Use this file to discover all available pages before exploring further.

Why Use This Engine?

In the documentation below, we will use Revilico’s Single Cell RNA sequencing analysis engine to explore and interpret a disease state from a transcriptomic perspective and evaluate whether a particular gene can serve as a potential therapeutic target.
Sc RNA Seq Workflow

Background

Transcriptomics is the study of an organism’s RNA molecules at a specific time in order to derive insights such as gene expression and gene regulation in many different scenarios ranging from cellular function to comprehension of a disease state. One type of transcriptomic technology in particular is Single Cell RNA sequencing, which is a powerful technique where gene expression of several transcripts can be measured in each individual cell across thousands of cells, allowing users to screen cells of different conditions at a high throughput level. Revilico’s scRNA-seq Analysis Engine integrates 3 different workflows where the user can do the following: (1) perform genome-wide differential expression screening (DEG Analysis), (2) evaluate therapeutic target candidates through gene regulatory network analysis, regulatory correlation mapping, and downstream cascade prediction (Automated Target ID), and (3) model dynamic gene expression transitions using pseudotime trajectory inference coupled with RNA velocity-based temporal modeling (Temporal Omics Analysis). We will explain these in greater detail below. This engine supports hypothesis generation, target validation, and mechanistic understanding of perturbation responses in biological systems. Before diving into each workflow, we will first describe the core preprocessing pipeline that runs at the beginning of every analysis, as these steps are foundational to all three workflows described above.

Core Preprocessing Pipeline

1. Data Loading and Format Support

The engine accepts several common single-cell data formats: .h5ad (native AnnData), .h5 (10x Genomics HDF5 or generic HDF5), and count matrix files (.csv, .tsv, .txt). When performing differential expression between conditions, the user supplies both a control dataset and an experimental dataset. The engine concatenates these into a single AnnData object and assigns a condition label (control or experimental) to each cell in the observation metadata. This label is then used downstream during DEG analysis to group cells by biological condition rather than by cluster alone.

2. Quality Control

Once data is loaded, quality control filtering is applied to remove low-quality cells and uninformative genes. The engine computes the following per-cell metrics: number of detected genes, total UMI count, and the fraction of reads mapping to mitochondrial genes (genes whose names begin with “MT-”). Cells with fewer than min_genes or more than max_genes detected genes are removed, cells exceeding max_pct_mt percent mitochondrial content are removed, and genes detected in fewer than 3 cells are removed. The default thresholds are min_genes = 200, max_genes = 6000, and max_pct_mt = 20%. After filtering, QC summary metrics are reported including cells before and after filtering, median genes per cell, median UMI per cell, and median mitochondrial percentage. Optionally, doublet detection can be enabled via Scrublet, which flags likely multiplets before downstream analysis.

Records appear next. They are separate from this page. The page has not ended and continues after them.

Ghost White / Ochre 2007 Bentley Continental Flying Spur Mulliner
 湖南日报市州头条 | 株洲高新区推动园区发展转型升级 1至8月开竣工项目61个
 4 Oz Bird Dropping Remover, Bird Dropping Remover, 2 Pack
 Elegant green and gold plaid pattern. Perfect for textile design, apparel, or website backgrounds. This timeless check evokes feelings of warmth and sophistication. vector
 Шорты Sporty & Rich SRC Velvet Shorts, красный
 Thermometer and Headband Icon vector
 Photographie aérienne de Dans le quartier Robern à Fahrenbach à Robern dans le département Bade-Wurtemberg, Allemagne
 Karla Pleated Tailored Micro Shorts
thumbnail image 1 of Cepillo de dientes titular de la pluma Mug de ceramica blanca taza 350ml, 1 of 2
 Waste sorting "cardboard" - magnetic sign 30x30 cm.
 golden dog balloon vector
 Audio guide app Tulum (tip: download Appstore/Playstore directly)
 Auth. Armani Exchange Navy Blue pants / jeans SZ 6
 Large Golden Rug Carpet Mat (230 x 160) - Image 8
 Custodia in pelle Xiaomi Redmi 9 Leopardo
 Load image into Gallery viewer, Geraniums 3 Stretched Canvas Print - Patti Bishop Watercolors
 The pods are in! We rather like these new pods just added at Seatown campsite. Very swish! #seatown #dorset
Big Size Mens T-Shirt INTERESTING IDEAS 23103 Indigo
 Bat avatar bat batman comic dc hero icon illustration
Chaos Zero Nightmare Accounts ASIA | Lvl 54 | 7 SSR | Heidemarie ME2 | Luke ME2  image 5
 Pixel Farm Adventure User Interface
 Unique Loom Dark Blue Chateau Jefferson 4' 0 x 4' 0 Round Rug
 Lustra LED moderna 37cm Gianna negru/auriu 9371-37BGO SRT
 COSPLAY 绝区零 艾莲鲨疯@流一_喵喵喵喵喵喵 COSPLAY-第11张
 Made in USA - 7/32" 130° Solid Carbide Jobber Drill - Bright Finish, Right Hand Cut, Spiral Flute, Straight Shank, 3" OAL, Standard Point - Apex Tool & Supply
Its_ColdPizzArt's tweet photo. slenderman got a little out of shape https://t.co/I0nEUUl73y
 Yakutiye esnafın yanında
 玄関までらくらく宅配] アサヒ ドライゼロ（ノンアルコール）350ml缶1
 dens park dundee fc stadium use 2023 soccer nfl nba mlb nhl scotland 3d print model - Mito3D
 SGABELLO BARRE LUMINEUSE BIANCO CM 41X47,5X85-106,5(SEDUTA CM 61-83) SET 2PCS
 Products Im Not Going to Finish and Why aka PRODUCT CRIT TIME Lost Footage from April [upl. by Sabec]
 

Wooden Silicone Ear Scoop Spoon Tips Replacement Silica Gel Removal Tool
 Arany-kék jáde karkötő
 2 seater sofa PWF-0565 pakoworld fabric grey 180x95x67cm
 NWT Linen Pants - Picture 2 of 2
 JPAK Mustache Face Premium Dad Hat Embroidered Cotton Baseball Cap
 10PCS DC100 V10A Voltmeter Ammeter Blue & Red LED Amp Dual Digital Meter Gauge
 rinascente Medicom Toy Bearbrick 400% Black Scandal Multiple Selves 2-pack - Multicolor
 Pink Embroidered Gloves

3. Normalization and Highly Variable Gene Selection

After QC, the raw count matrix is normalized so that each cell sums to 10,000 counts (counts per million scaling), then log-transformed: x~ij=log(xijjxij10000+1)\tilde{x}_{ij} = \log\left(\frac{x_{ij}}{\sum_{j} x_{ij}} \cdot 10000 + 1\right) Where xijx_{ij} is the raw count for gene jj in cell ii and x~ij\tilde{x}_{ij} is the normalized log expression. The raw counts are preserved in adata.raw before any gene selection or scaling occurs. Highly variable genes (HVGs) are then selected using a mean-dispersion approach adapted from Seurat, retaining the top 2,000 genes with the highest normalized dispersion relative to their mean expression. Gene expression is then scaled to zero mean with a maximum value cap of 10 to prevent outlier genes from dominating variance decomposition. Optionally, the engine can regress out technical covariates (total UMI count and mitochondrial percentage) before scaling, which is useful when these variables are expected to confound the biological signal of interest.

4. Dimensionality Reduction

Principal Component Analysis (PCA) is applied to the scaled HVG matrix using an ARPACK sparse solver, extracting up to 50 principal components. The number of components is automatically capped at min(n_cells - 1, n_genes). A k-nearest neighbor graph is then constructed in PCA space using 15 neighbors and 40 PCs, followed by UMAP embedding for 2D visualization. If the user provides a batch key column in the cell metadata, Harmony batch correction is applied to the PCA embedding before neighbor graph construction. Harmony iteratively adjusts the PCA coordinates so that cells from different batches intermix based on biological identity rather than technical origin. The UMAP is recomputed on the Harmony-corrected representation, and both the original and corrected UMAPs are retained for comparison.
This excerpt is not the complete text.